Daniel Knost’s biggest challenge as a new crew chief isn’t putting together a team, determining race-day strategy or discussing adjustments with Kurt Busch. That easy compared to what he says is his biggest challenge.

“Finding speed,’’ he said, sounding more like a veteran instead of a crew chief with one Sprint Cup race as experience.

Knost isn’t alone this year. He’s one of four new crew chiefs among major NASCAR Sprint Cup teams. While each faced challenges at Daytona, they’ll play a greater role in how their team performs beginning this weekend at Phoenix International Speedway. Teams can do more with setups and pit strategy plays a bigger role this weekend than at Daytona.

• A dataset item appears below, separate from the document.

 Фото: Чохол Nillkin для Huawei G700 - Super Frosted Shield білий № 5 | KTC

The new crew chiefs might not get any breaks at Phoenix, though. Saturday’s forecast calls for rain, which could threaten both Cup practices. If both are canceled, that would give teams only one Friday practice session before racing. Not exactly the way new crew chiefs want to have their first weekend at a non-restrictor-plate track.

It wouldn’t be the first time they’ve experienced shortened weekends. All are veterans in the sport.

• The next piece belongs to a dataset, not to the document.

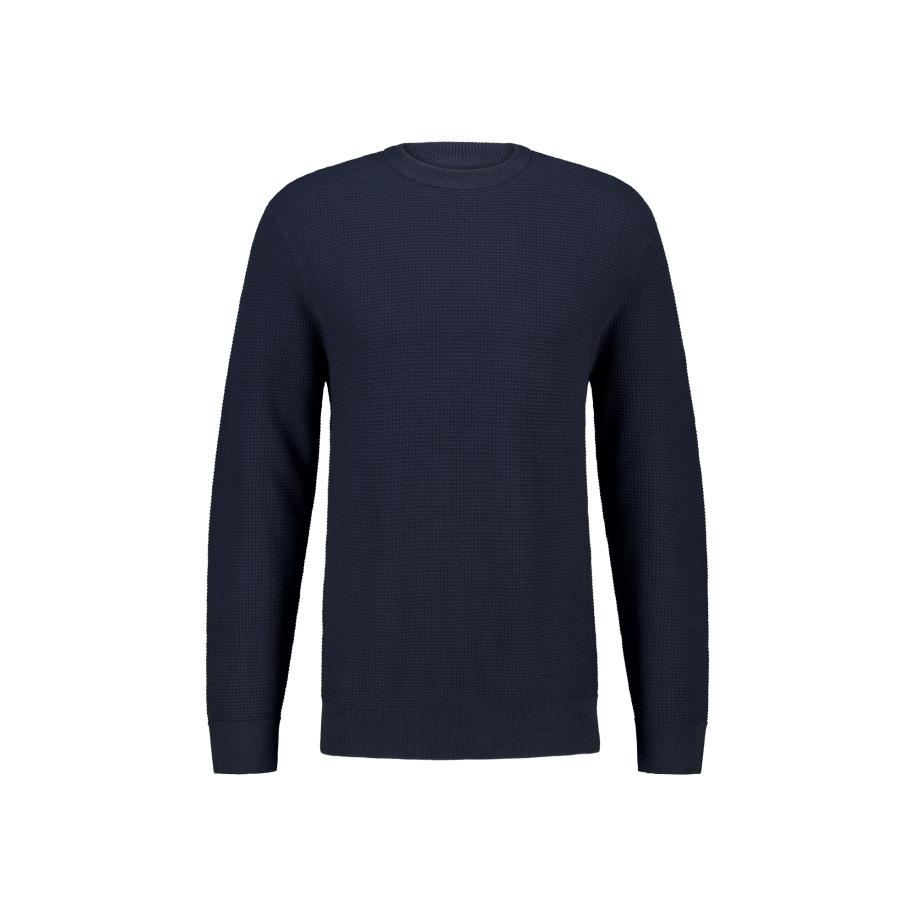 America Today Trui donkerblauw Blauw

Knost served as lead engineer for Ryan Newman’s team last year before moving to become the crew chief for Busch at Stewart-Haas Racing. Keith Rodden, longtime engineer for Kasey Kahne, is Jamie McMurray’s crew chief. Trent Owens moves from the Nationwide Series to be Aric Almirola’s crew chief. Billy Scott, an engineer the past two seasons at Michael Waltrip Racing, serves as Brian Vickers’ crew chief.

None had a memorable Daytona 500. McMurray finished 14th, Busch was 21st after a late-race spin that did not bring out the caution, Vickers placed 30th after he was collected in a crash, and Almirola was 39th, a wreck ending his race.

Knost will get some help atop the pit box with former crew chief Matt Borland, vice president of engineering at Stewart-Haas Racing, there to help him with calls. Knost and Borland have worked together for years and their relationship should help smooth Knost’s move to crew chief.

Knost admits he might need some help with strategy early in the season.

“As far as in the race, just trying to get your head around everything that is happening, how are the cards being played and how are you going to play your cards,’’ Knost said. “Quite frankly, having the guts to go for it when you’re in a pinch. We made some avery aggressive calls as times last year. It’s easy for me to say it, but then Matt had to have the guts to go for it. That will be the challenge in having the confidence you’re making a strong play at the right time.’’

Rodden knows a key challenge will be relating what McMurray says about the car and making it better. Rodden had been with Kahne and crew chief Kenny Francis most of the last decade.

Rodden said NASCAR’s December test helped him learn McMurray’s cadence and what he liked in his cars. That was the test where NASCAR had teams run short races to try rule changes for this season. Rodden said he left the car purposely tighter or looser to see how McMurray handled it and how he described the car.

“He explains stuff very similarly to what I’ve heard,’’ Rodden said of McMurray.

The challenge for Owens moving up is learning how his competitors will call a race. Owens had been a crew chief in the Nationwide Series since 2006. He knew how his competitors called races and who was willing to take gambles and who wasn’t. Moving to Cup, though, Owens doesn’t have that knowledge.

“Learning the other crew chiefs on pit road, their strategies and their habits, it may take a little time to get a feel for how other guys call races,’’ he said. “Nationwide, I was there for so long I had a feel. I’m sure that stuff will come pretty fast.’’

It will have to for each because or they could fall behind quickly.